The full text of the letter can be found at https://ctv-csfs.com. It is
reproduced below.
---
To the technical bitcoin community,
We believe that the best next step for bitcoin would be to activate
OP_CHECKTEMPLATEVERIFY (CTV, BIP-119) and OP_CHECKSIGFROMSTACK (CSFS,
BIP-348). These opcodes enable functionality for a broad set of uses
that will allow bitcoin to preserve and expand its role as a scarce,
censorship-resistant store of value.
While there are a few promising proposals to improve bitcoin at the
consensus layer which may someday be deployed, we believe that CTV and
CSFS are uniquely well reviewed, simple, and have been proven to be both
safe and widely demanded.
CTV was first formalized in BIP-119 over 5 years ago. Despite many
attempts at refinement or replacement, it has remained the most widely
preferred method for enforcing pregenerated transaction sequences using
consensus.

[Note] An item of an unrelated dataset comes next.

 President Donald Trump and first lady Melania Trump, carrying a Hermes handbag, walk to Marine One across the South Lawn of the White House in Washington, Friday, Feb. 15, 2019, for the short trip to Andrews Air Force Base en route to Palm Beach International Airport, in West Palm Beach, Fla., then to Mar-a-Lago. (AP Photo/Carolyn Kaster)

It unlocks valuable functionality for scaling solutions,
vaults, congestion control, non-custodial mining, discreet log
contracts, and more.
CSFS is a primitive opcode that has been deployed to Blockstream’s
Elements for at least 8 years. It represents no significant
computational burden over bitcoin’s most often used opcode, OP_CHECKSIG.
It can be combined with CTV to implement ln-symmetry, a longstanding
improvement to Lightning. It also unlocks a variety of other use cases.
We respectfully ask Bitcoin Core contributors to prioritize the review
and integration of CTV (PR #31989 or similar) and CSFS (PR #32247 or
similar) within the next six months. We believe this timeline allows for
rigorous final review and activation planning.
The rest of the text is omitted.